His course would end in July 2015.
After that, he might work there for few months and then we plan to return to India. He plans to join his Family Business.

I have completed an M.B.A along with B.E and currently working full time.
I would like to work while I am in Berlin but I realize its very difficult. 

Can a dependent visa be obtained when husband is on a student visa??

The german sites mention nothing regarding this as well as the document verification list mentions employment slips. Thus, is it that only spouses of employed people recieve dependent visas?

The visa will be for 7-12 months at max.


----------



## ALKB

sarika224 said:


> Hi,
> My boyfriend is currently studying in Berlin, completing his post graduation.(Solar Technology)
> We are planning to get married this Sept 2014 and I would like to shift there in Jan 2015.
> His course would end in July 2015.
> After that, he might work there for few months and then we plan to return to India. He plans to join his Family Business.
> 
> I have completed an M.B.A along with B.E and currently working full time.
> I would like to work while I am in Berlin but I realize its very difficult.
> 
> Can a dependent visa be obtained when husband is on a student visa??
> 
> The german sites mention nothing regarding this as well as the document verification list mentions employment slips. Thus, is it that only spouses of employed people recieve dependent visas?
> 
> The visa will be for 7-12 months at max.


It is not impossible to get a student dependent visa but it is neither usual nor encouraged.

Student dependents do not automatically receive the right to work; you would have to try to get sponsored by an employer and apply for a work permit in country - not easy. 

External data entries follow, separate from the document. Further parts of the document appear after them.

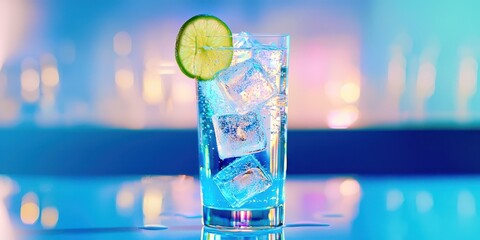 Wall Mural - Glass of blue liquid with ice cubes in it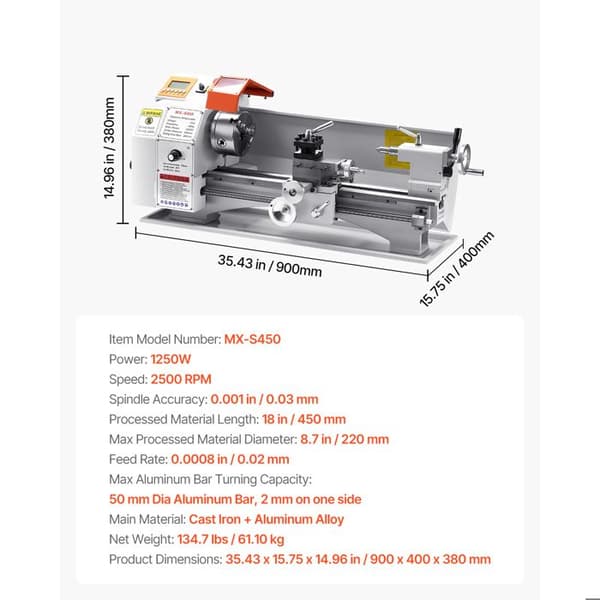 Bordsmaskin för metall - DUOKU - MX-S450 - Borstlös motor - 1250 W - 2500 varv/min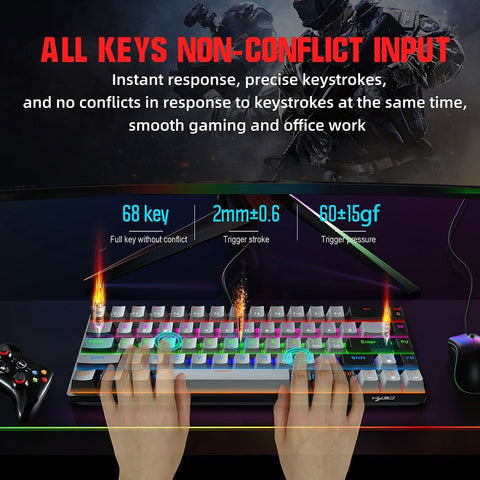 HXSJ V800 Wired Mechanical Keyboard 68 Keys RGB Gaming Keyboard with Detachable Type-C Cable ABS Keycap Black(Blue Switches)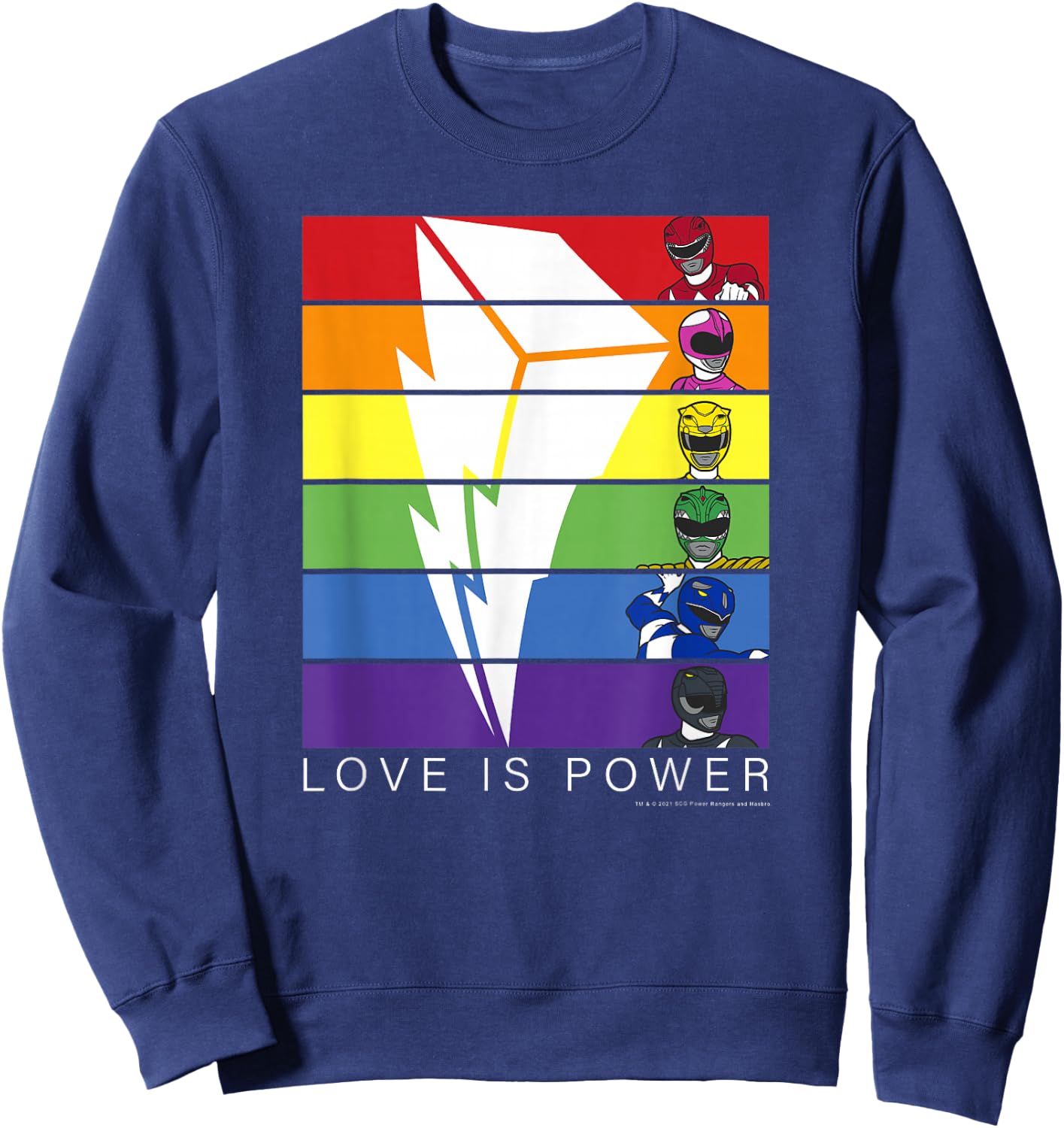 Power Rangers Pride Love is Power Rainbow Panels Small Sweatshirt - Sweatshirt | Navy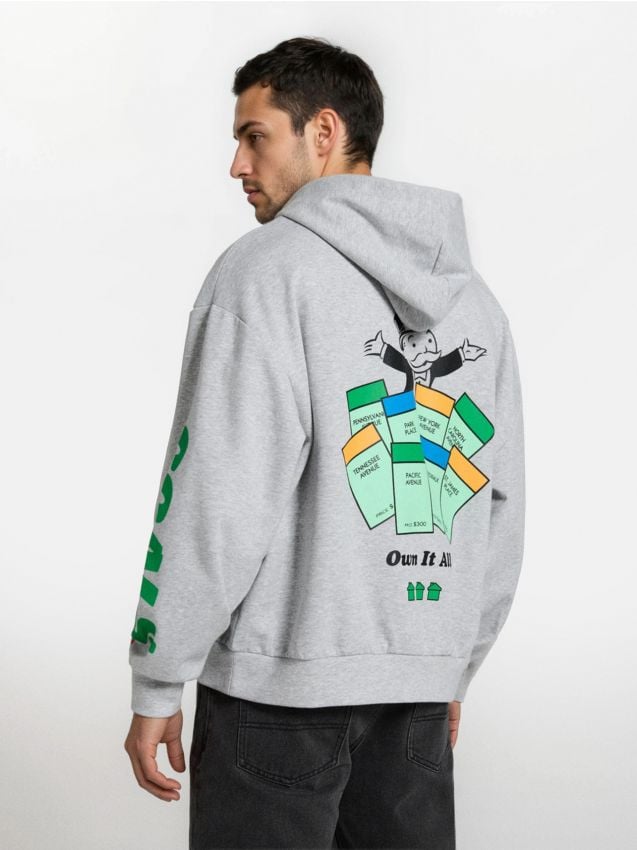 Sinsay - Bluza hoodie z nadrukiem Monopoly - szary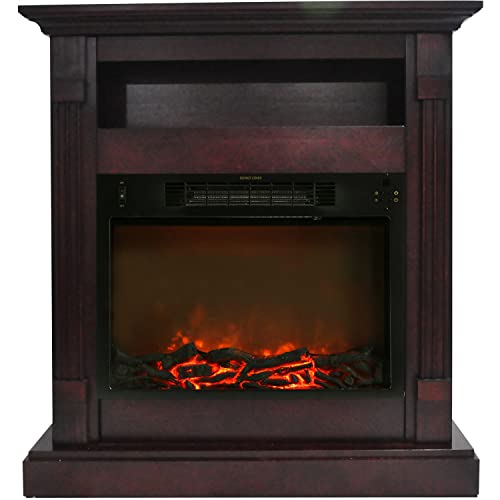 Cambridge Sienna 34'' Freestanding Electric Fireplace With Remote| Log Insert | Mahogany Mantel | For Rooms Up To 210 Sq.ft. | Storage Shelf | Adjustable Heat Settings |Timer #TOP18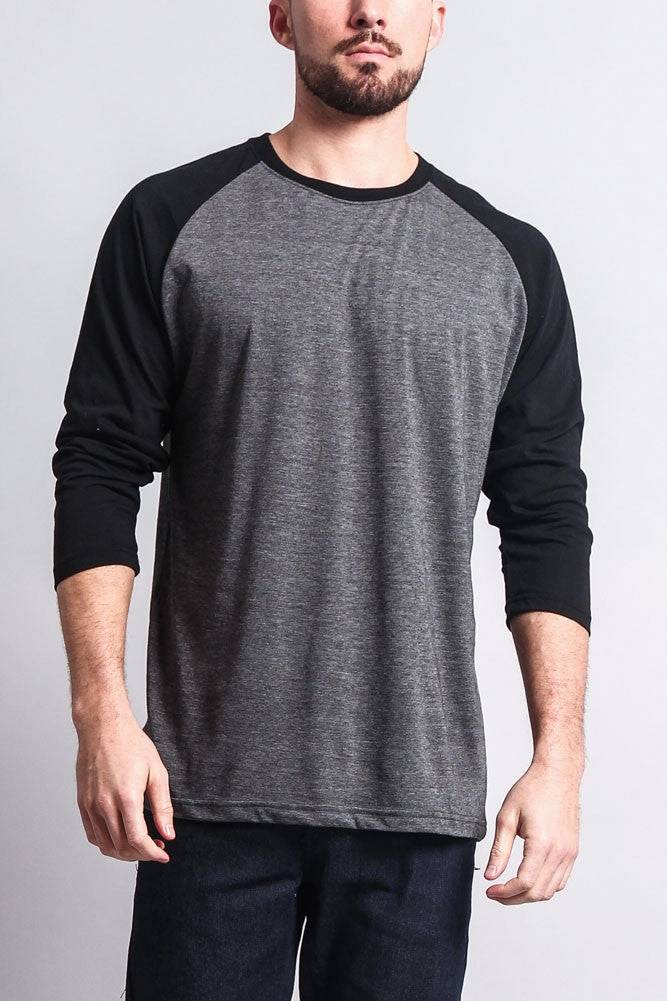 YarnBlend Men's Baseball T-Shirt (Charcoal/Black)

To get the dependent visa in the first place, your husband would have to show adequate accommodation and that he can finance your and his stay without working or recourse to public funds.


----------



## sarika224

ALKB said:


> It is not impossible to get a student dependent visa but it is neither usual nor encouraged.
> 
> Student dependents do not automatically receive the right to work; you would have to try to get sponsored by an employer and apply for a work permit in country - not easy.
> 
> To get the dependent visa in the first place, your husband would have to show adequate accommodation and that he can finance your and his stay without working or recourse to public funds.


Hii,
Thanks for the information.
I understand work visa will be impossible. But is there any possibility I can study (part-time/full-time) in local institutes, Not exactly University based courses. But private institutes.??


----------



## ALKB

sarika224 said:


> Hii,
> Thanks for the information.
> I understand work visa will be impossible. But is there any possibility I can study (part-time/full-time) in local institutes, Not exactly University based courses. But private institutes.??


Once you have a student dependent visa, I don't really see a problem studying even at a state university providing that you get accepted. (Do enquire with the specific instituition what their requirements are.)

You won't be able to work part time as international students on student visa, though. 

So, if you want to study in the first place and seem to have enough money to show that you can maintain yourself without work or public funds, why don't you get your own student visa?


----------



## sarika224

I was planning for a student visa before and enter a University from October. But there are some issues with it. Really can't explain that. Simple thing- love marriages in India face many issues. 

Really thanks for the info though. It has helped me a lot and brought much required clarity to me.


----------